Nothing but the lines below from the one containing "[XiuRen秀人网]FW0224 秀人番外 谢小蒽(幼幼)" through the one containing "ebonycamelia online show from 05.19.26" should appear in the answer, exact and without pictures.

** Opening Stored data block **

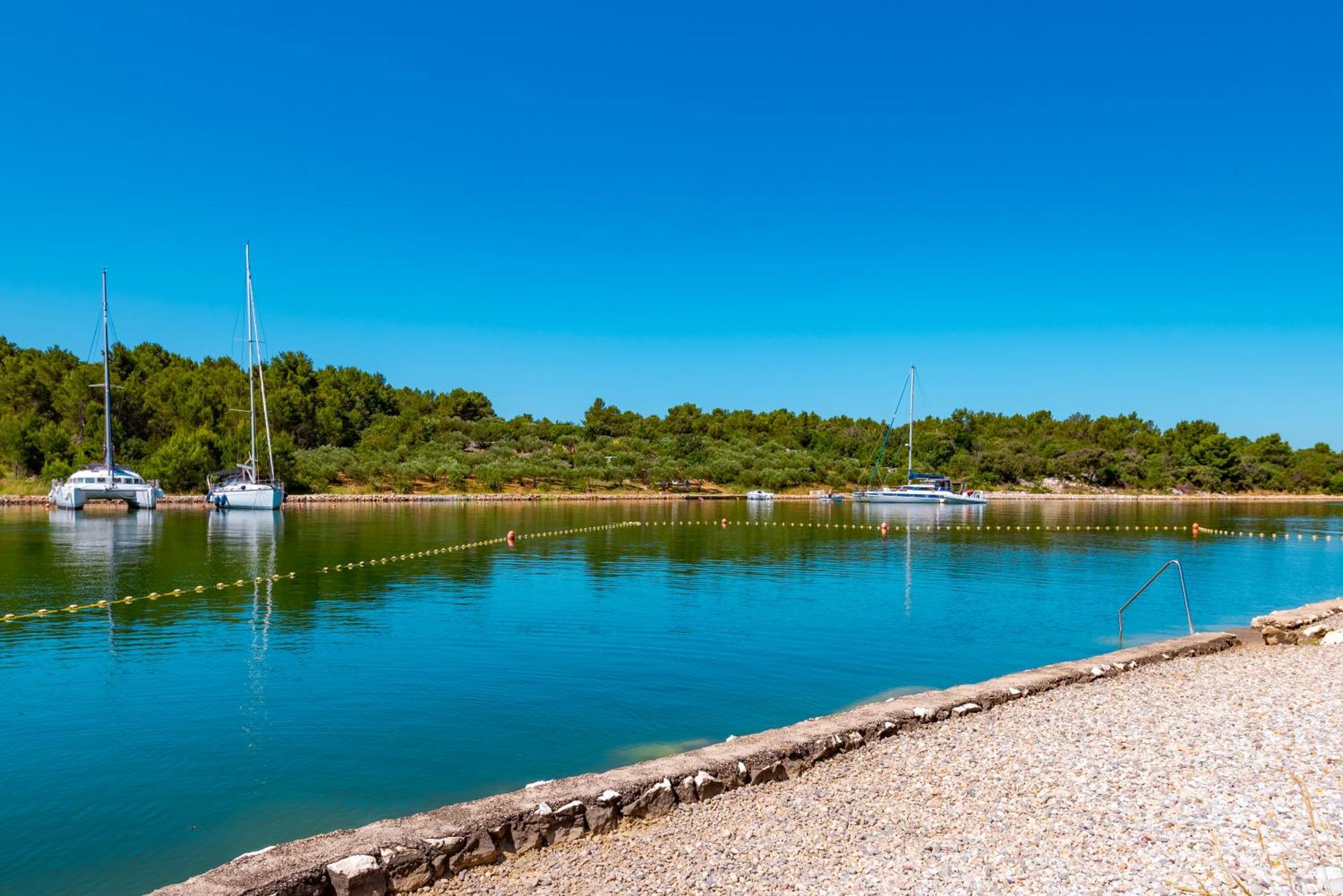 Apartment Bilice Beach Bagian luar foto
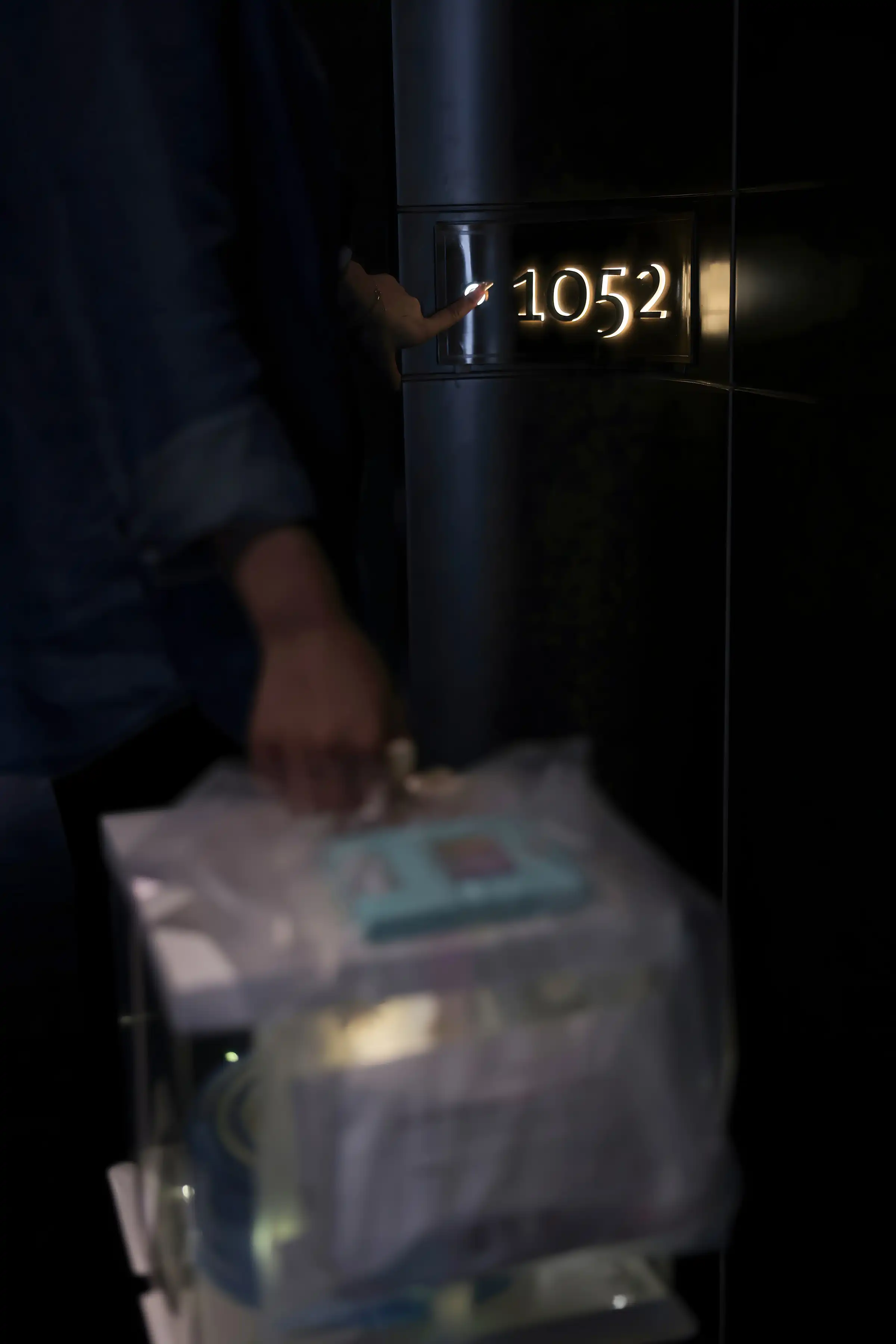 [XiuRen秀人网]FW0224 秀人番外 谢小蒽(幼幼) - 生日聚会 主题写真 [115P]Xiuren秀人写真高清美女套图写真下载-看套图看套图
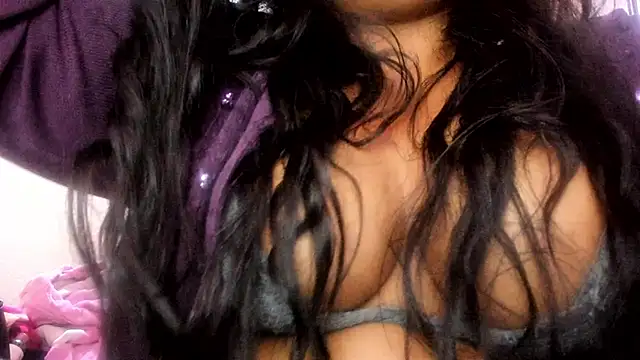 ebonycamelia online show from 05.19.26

** Closing Stored data block **
** Opening Stored data block **

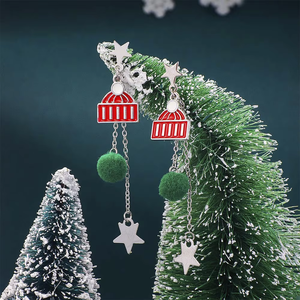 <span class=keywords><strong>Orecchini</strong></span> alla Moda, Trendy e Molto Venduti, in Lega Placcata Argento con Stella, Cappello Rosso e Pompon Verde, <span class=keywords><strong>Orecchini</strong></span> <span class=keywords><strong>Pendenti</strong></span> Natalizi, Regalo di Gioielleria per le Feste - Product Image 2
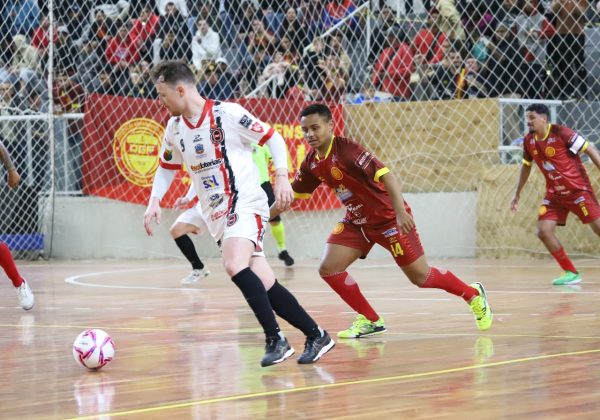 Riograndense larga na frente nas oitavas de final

** Closing Stored data block **
** Opening Stored data block **

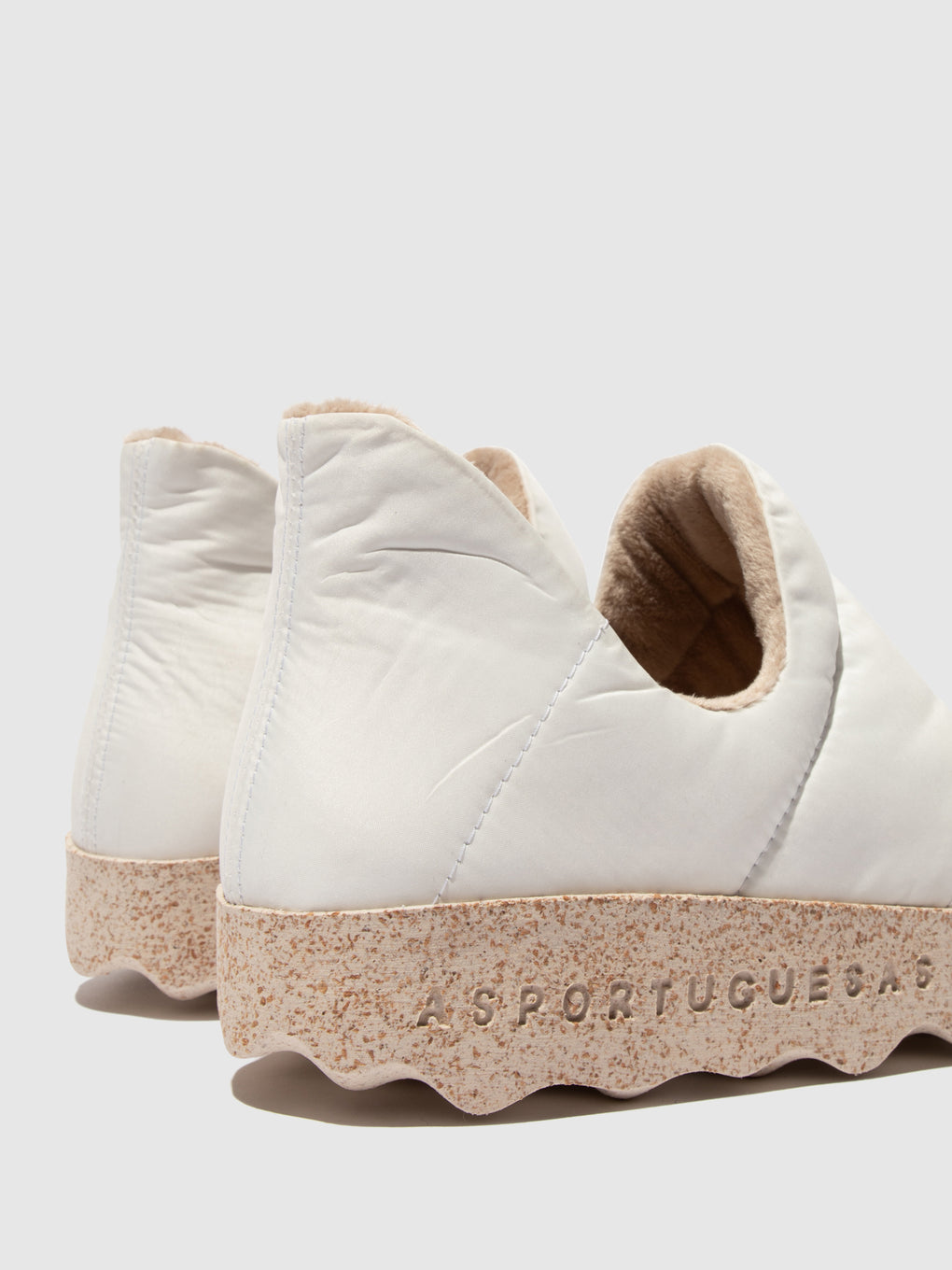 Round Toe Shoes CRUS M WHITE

** Closing Stored data block **

#### Written answer:
 [XiuRen秀人网]FW0224 秀人番外 谢小蒽(幼幼) - 生日聚会 主题写真 [115P]Xiuren秀人写真高清美女套图写真下载-看套图看套图
 ebonycamelia online show from 05.19.26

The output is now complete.